The Professional Human Resources certification requires a combination of knowledge and experience in the field, validated by a rigorous exam. It increases credibility and identifies potential leaders. Candidates must have at least two years of professional experience and demonstrate mastery in various areas. HRCI offers prep materials and periodic exams, with a 35-40% failure rate. Certification must be maintained through triennial re-certification.
The Professional Human Resources certification is earned by candidates who combine mastery of knowledge necessary for functional competence in the field with actual professional experience in human resources. Mastery of the body of knowledge is evidenced through a rigorous examination conducted by the Human Resource Certification Institute (HRCI), which is a subsidiary of the Society for Human Resource Management (SHRM); candidates’ experience is validated by their employers. This certification is one of four awarded by HRCI to human resources professionals in the United States or working in the US operations of global employers.
At some point early in their human resources careers, professionals often find that earning professional human resources certification increases their credibility and identifies them as a potential leader, both to their employers and to the profession. Earning certification isn’t easy, however.
The experience requirement to earn the professional in human resources certification is straightforward: the candidate must have at least two years of professional experience in human resource management or administration. In this role, the candidate should be occupied exclusively with human resource issues, though not necessarily with the broad components of HR strategic planning that are usually addressed by a company’s executive leadership.
A candidate for professional human resource certification must also demonstrate a mastery of knowledge in the areas of human resource development, strategic management, and risk management. Other areas of mastery required include workforce planning and deployment, employee-worker relationships, and total rewards. HRCI develops a rigorous, four-hour, 225-question, expert-written exam and administers it periodically at convenient locations throughout the country. Evidence of the exam’s difficulty can be seen in the fact that 35% to 40% of those who take it fail.
HRCI sells prep materials and offers some free resources for human resource certification candidates, but it does not offer face-to-face training or instruction, creating a cottage industry in companies and test preparation courses. Many applicants enroll in these courses, although many certified professionals claim that a combination of day-to-day work in the field and a review of the study materials available at HRCI is all that is needed to earn a passing grade.

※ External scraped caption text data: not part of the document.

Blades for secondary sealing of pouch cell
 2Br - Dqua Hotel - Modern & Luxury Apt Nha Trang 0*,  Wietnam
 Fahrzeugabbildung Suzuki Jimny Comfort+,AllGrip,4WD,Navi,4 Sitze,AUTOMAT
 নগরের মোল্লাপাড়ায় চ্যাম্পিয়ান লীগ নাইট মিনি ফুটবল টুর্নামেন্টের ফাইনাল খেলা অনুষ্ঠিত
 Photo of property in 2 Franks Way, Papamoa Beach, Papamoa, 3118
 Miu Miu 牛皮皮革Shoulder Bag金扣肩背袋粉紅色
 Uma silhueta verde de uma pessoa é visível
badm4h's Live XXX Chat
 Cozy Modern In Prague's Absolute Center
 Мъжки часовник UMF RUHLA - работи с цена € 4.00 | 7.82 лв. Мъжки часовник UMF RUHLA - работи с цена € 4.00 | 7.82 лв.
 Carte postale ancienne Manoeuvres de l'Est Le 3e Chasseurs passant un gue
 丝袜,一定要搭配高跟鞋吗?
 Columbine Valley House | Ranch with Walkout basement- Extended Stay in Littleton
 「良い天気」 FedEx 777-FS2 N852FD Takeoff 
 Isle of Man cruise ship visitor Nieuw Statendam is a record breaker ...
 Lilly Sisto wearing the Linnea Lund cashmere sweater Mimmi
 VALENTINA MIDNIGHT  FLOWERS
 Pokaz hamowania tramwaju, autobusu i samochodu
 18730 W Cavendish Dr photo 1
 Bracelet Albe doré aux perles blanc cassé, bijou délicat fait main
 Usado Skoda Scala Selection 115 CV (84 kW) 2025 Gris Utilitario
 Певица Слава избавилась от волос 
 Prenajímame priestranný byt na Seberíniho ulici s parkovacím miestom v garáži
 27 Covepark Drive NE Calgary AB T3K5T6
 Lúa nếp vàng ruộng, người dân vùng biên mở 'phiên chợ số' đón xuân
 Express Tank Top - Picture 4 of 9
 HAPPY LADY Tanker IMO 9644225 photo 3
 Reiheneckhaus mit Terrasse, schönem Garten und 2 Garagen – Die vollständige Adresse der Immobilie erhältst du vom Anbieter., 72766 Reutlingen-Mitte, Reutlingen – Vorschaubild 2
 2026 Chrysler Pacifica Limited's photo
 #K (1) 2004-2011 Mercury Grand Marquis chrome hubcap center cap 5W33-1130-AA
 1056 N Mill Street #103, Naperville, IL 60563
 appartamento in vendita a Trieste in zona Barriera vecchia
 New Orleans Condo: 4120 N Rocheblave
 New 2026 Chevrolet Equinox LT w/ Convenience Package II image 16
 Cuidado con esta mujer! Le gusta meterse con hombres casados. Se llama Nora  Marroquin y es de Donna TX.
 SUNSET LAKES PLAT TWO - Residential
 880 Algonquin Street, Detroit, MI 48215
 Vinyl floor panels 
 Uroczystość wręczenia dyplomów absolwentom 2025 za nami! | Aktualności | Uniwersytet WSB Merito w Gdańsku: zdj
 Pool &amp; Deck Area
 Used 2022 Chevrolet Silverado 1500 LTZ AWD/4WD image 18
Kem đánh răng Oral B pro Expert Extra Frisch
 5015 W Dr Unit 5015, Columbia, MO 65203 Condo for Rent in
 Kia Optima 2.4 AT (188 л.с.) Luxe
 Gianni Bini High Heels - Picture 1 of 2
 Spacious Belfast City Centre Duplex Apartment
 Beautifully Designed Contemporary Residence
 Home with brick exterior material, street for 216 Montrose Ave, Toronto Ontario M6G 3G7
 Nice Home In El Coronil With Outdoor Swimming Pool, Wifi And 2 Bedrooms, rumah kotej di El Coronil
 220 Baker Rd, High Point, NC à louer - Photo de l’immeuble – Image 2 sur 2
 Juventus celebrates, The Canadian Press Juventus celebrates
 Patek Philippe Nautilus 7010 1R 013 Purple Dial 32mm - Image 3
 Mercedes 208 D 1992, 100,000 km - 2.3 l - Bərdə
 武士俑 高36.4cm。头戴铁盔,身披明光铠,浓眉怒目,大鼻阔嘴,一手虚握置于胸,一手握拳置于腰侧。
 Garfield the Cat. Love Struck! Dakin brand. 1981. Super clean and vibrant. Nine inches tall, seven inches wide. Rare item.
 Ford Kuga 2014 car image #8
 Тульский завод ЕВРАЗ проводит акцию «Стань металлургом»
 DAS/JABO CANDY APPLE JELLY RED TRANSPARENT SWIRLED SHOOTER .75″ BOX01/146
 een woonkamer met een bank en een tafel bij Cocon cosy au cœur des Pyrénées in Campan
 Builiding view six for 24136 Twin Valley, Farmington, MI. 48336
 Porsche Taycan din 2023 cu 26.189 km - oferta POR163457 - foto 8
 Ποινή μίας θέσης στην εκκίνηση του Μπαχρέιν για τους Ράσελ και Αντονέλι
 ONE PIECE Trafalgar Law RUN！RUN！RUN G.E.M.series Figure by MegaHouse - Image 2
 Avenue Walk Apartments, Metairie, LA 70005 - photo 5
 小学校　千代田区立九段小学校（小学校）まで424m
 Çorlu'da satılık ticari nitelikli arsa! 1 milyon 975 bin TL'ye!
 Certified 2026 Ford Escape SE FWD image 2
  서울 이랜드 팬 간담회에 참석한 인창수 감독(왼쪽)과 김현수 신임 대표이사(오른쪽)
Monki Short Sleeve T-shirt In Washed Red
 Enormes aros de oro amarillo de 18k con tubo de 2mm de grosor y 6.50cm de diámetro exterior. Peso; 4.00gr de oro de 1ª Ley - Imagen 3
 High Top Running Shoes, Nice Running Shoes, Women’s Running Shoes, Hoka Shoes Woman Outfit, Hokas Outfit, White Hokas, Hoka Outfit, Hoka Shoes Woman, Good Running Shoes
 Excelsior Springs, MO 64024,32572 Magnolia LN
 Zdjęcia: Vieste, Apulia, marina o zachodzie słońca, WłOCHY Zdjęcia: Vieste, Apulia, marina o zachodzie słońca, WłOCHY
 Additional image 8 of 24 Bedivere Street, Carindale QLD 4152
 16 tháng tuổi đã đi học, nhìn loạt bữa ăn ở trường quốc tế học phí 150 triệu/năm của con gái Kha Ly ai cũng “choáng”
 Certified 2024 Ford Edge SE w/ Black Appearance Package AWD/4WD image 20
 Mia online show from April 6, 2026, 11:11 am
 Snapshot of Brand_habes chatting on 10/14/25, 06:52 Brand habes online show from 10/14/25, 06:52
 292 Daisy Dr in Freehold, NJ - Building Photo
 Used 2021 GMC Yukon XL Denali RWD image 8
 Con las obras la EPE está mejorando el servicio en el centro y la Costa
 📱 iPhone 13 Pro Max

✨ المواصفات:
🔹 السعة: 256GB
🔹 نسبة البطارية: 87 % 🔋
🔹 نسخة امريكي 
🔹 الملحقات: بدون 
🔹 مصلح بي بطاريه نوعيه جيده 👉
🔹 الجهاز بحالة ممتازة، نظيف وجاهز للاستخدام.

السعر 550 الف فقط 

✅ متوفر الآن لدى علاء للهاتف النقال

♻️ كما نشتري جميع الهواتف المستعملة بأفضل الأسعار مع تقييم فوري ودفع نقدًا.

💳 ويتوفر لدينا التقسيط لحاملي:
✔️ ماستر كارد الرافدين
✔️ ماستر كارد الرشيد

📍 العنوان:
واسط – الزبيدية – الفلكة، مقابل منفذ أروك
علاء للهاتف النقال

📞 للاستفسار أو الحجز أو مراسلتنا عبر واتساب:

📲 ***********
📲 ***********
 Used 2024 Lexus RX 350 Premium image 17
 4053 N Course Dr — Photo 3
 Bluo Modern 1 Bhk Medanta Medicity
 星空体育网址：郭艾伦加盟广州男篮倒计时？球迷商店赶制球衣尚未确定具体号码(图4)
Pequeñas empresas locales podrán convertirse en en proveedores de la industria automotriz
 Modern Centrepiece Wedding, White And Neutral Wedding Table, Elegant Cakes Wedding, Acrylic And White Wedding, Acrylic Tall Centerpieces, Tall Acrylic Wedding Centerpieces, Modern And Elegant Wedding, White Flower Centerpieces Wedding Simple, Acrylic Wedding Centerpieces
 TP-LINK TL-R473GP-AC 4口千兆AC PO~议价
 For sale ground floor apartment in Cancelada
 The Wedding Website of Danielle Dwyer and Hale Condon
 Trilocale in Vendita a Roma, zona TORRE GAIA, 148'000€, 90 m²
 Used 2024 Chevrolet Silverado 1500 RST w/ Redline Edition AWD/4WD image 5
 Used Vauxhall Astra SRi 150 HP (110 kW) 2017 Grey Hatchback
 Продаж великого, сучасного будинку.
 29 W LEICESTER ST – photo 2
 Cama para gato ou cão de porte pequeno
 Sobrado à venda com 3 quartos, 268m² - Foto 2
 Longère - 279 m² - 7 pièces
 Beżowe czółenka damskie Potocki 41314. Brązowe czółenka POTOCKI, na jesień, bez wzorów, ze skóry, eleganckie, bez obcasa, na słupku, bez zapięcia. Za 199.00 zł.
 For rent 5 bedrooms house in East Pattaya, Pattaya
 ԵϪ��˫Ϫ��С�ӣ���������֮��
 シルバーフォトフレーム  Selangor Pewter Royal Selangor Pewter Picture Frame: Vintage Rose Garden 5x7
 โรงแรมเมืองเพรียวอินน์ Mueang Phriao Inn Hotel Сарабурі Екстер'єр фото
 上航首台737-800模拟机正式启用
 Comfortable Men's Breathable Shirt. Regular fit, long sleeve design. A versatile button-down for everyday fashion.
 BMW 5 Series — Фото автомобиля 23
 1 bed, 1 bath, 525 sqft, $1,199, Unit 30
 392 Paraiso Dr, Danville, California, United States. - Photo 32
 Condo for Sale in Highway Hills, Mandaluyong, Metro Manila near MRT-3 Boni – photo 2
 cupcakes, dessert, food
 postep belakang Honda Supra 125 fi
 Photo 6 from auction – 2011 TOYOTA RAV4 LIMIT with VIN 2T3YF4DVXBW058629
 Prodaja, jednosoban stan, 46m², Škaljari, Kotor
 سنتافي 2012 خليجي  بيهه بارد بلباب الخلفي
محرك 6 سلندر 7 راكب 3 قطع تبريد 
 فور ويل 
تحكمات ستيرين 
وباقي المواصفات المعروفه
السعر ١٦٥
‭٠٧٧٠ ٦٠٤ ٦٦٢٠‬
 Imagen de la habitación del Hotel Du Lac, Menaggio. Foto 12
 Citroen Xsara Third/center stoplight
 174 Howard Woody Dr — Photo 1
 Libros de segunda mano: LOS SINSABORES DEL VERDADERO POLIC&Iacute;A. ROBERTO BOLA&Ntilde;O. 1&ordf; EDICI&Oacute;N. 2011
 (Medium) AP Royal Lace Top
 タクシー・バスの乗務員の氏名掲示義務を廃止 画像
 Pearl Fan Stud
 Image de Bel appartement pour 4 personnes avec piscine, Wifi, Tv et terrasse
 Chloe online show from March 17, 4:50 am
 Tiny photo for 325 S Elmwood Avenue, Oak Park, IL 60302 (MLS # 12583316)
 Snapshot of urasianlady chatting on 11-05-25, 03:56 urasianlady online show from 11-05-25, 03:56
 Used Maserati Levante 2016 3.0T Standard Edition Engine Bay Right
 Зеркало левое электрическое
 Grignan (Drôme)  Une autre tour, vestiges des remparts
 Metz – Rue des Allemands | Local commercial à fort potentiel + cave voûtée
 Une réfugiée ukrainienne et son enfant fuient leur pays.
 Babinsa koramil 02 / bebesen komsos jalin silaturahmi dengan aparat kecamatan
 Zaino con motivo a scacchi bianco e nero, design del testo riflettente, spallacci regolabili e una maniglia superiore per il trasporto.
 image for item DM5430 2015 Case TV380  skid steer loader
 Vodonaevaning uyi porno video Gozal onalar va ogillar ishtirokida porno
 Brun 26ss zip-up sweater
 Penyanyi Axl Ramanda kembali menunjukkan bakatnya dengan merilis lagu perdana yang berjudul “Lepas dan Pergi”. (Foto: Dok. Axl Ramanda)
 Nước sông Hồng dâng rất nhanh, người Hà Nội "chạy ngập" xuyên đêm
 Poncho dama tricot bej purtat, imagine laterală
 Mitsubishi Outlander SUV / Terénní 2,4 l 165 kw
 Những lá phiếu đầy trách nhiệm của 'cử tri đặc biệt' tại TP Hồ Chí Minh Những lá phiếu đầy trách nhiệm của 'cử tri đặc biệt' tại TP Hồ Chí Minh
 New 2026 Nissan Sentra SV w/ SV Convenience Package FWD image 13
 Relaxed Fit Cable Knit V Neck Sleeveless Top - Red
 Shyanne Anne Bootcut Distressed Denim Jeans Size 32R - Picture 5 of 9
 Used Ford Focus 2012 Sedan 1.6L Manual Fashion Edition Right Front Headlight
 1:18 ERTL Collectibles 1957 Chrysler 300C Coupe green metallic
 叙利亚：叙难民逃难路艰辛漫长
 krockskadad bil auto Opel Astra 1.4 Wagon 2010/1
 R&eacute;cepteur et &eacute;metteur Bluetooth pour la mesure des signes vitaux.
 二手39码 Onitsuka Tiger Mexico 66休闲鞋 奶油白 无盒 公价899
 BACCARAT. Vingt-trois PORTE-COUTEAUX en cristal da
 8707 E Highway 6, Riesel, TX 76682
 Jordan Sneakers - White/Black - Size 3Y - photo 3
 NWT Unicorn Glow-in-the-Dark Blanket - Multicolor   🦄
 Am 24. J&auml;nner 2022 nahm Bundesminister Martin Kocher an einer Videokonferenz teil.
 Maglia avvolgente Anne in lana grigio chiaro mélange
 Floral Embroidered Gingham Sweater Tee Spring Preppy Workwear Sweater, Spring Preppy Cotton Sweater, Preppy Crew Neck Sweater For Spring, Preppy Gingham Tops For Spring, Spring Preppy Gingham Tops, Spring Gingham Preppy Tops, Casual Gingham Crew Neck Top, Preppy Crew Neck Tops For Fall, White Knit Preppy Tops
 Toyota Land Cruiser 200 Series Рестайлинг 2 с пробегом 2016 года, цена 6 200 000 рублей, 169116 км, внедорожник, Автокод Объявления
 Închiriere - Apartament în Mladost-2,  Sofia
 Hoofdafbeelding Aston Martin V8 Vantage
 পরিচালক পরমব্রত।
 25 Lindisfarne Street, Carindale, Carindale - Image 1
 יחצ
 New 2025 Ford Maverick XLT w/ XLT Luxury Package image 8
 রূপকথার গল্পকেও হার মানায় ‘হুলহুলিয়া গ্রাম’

Upon successfully passing the exam, a candidate receives the Professional in Human Resources certification (PHR®:), but must then maintain it. As time goes by, legislation, regulations and best practices evolve, and to maintain their competence in the field, professionals must keep their mastery of the field current. To verify that continuing mastery, HRCI requires triennial re-certification. To avoid sitting for the exam a second time, most PHR-certified individuals will participate in approved events — usually credit-bearing courses and seminars — to accumulate the required re-certification credits.